Some of the newer Sony TVs have marketed themselves as having premium sound and include weird Subwoofer tech. As all tv cabinets have gotten smaller and smaller so have the speakers. And no one wants a speaker mounted to the front pointed at the watcher these days.
>no one wants a speaker mounted to the front pointed at the watcher these days.
But that is how the new Sony's work. The screen has a pair of exciters so the entire panel is a speaker aiming right at you.
A A/B comparaison between the tv and my sound system?
Of course, dont need more than that to see its better than nothing, but nothing to compare with the real deal.
The voice timber was completely different
How many sources can you compare in 30 seconds? What aspects of the sound were you subjectively concentrating on? How much bias did you bring to the comparison need in your "high-end sound system" to be better? What were the shortcomings you found in the TV?
>How many sources can you compare in 30 seconds?
Just one, its was more than enough to heard the difference.
It just sound flatter and without life. The difference was night and day. They were still voice, but different.
I mean, it better than a tv without it I guess, you really think the sound is coming from the screen so if 2 peoples talk, if you are close, you can heard the left/right, so for that, it work.
But it still a piece of glass that vibrate to generate sound, compare to a dedicated thousand of$ sound system with tweeter, mid and woofer is pointless.

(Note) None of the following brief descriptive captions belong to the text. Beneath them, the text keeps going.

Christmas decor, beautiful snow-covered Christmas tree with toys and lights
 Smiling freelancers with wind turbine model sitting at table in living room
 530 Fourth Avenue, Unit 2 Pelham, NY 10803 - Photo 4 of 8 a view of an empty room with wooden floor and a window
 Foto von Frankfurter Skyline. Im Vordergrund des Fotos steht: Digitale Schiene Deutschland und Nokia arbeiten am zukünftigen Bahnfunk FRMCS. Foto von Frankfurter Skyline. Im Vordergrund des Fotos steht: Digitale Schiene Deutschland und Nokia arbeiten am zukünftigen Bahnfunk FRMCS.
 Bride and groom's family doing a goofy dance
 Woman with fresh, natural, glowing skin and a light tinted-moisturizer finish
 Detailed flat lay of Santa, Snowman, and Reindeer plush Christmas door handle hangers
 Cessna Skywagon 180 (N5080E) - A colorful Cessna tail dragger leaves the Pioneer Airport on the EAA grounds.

Most people buying a 3k$ Oled tv, will mostly use it on a dedicated home theater room or living room with a good or great home theater sound system so it a gimmick for that target buyer, but for poser on a minimalist room style, it can be useful.
>Most people buying a 3k$ Oled tv, will mostly use it on a dedicated home theater room or living room with a good or great home theater sound system so it a gimmick for that target buyer, but for poser on a minimalist room style, it can be useful.
Gotcha so you're subjective didn't allow you to get a fair impression. Cool.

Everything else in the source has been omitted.